↓

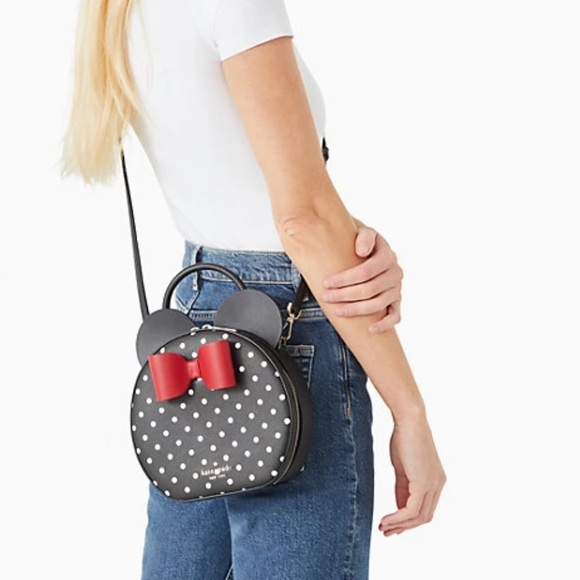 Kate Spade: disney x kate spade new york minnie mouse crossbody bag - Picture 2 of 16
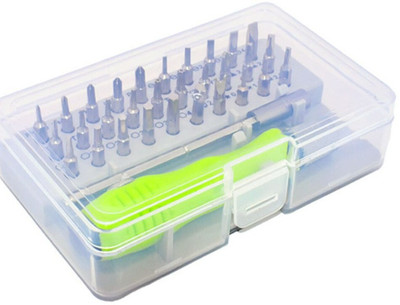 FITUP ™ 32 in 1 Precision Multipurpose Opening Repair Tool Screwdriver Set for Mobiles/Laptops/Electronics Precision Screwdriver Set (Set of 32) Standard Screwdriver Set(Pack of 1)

↑
↓

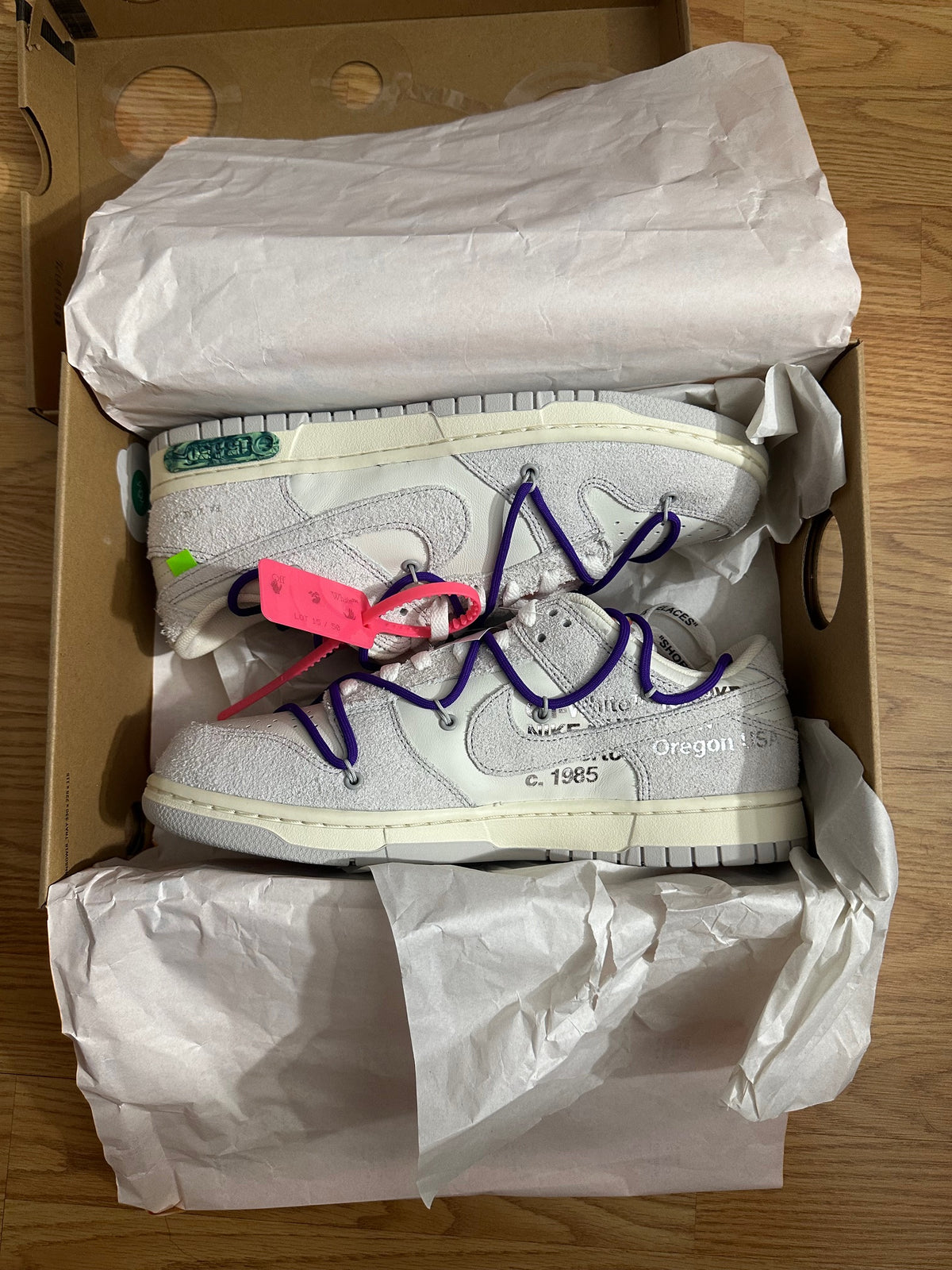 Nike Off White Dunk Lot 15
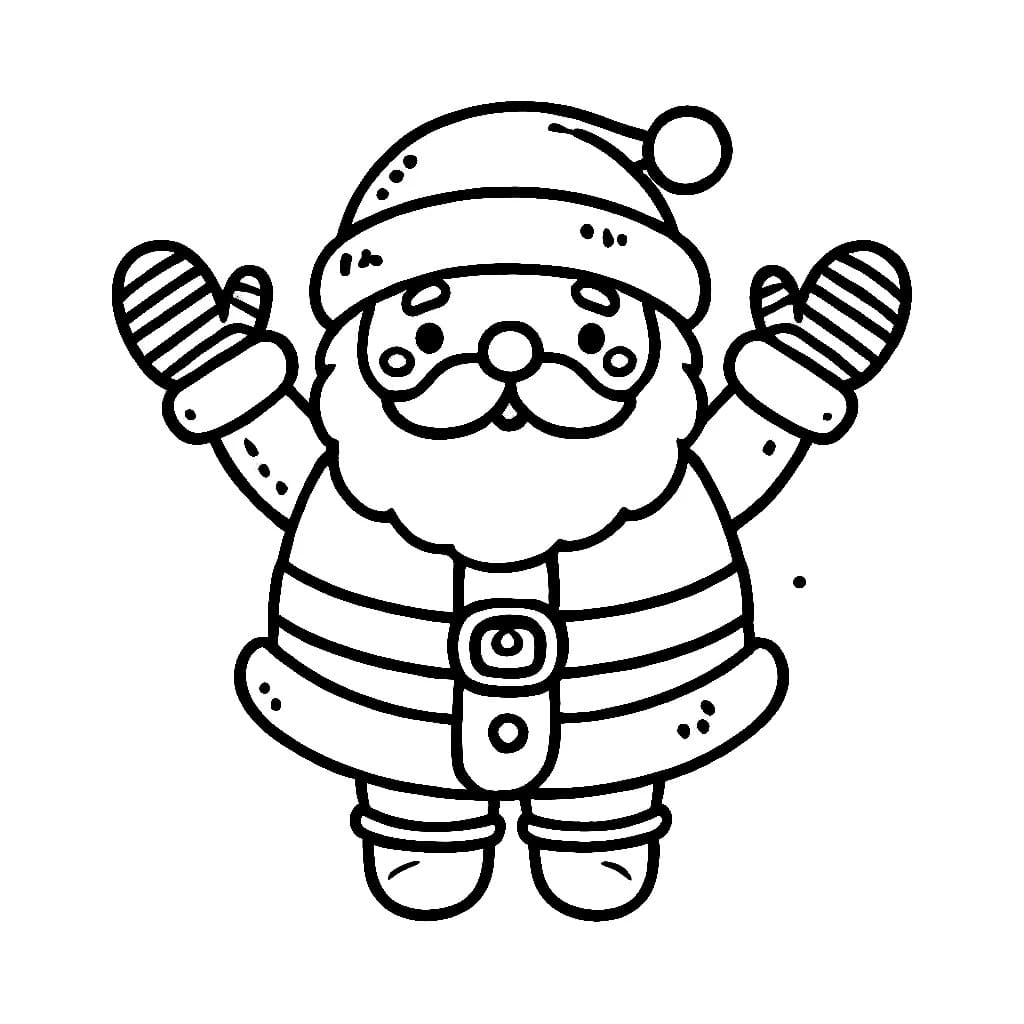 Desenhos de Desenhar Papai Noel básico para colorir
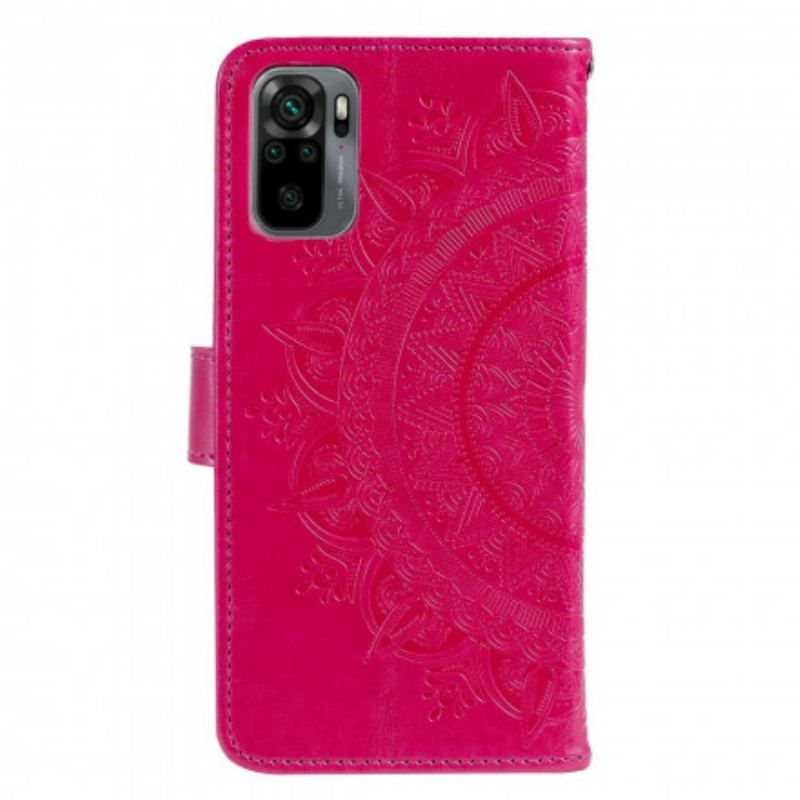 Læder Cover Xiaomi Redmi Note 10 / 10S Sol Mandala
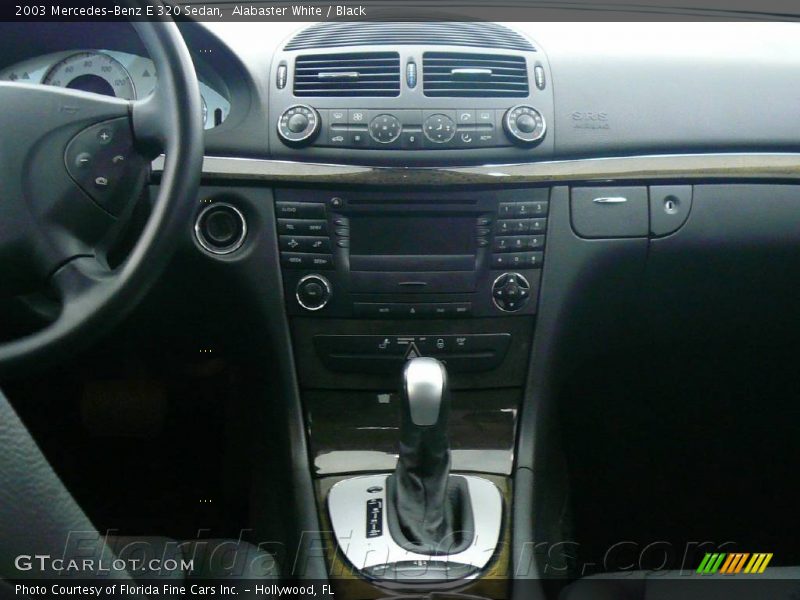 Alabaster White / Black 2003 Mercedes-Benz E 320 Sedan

↑

## What is needed
Within the listing above, the stretch from the line with "Kate Spade: disney" down to the line with "FITUP ™ 32 in" is to be given again exactly, end lines included and pictures excluded.

## Response for this exercise
 Kate Spade: disney x kate spade new york minnie mouse crossbody bag - Picture 2 of 16
 FITUP ™ 32 in 1 Precision Multipurpose Opening Repair Tool Screwdriver Set for Mobiles/Laptops/Electronics Precision Screwdriver Set (Set of 32) Standard Screwdriver Set(Pack of 1)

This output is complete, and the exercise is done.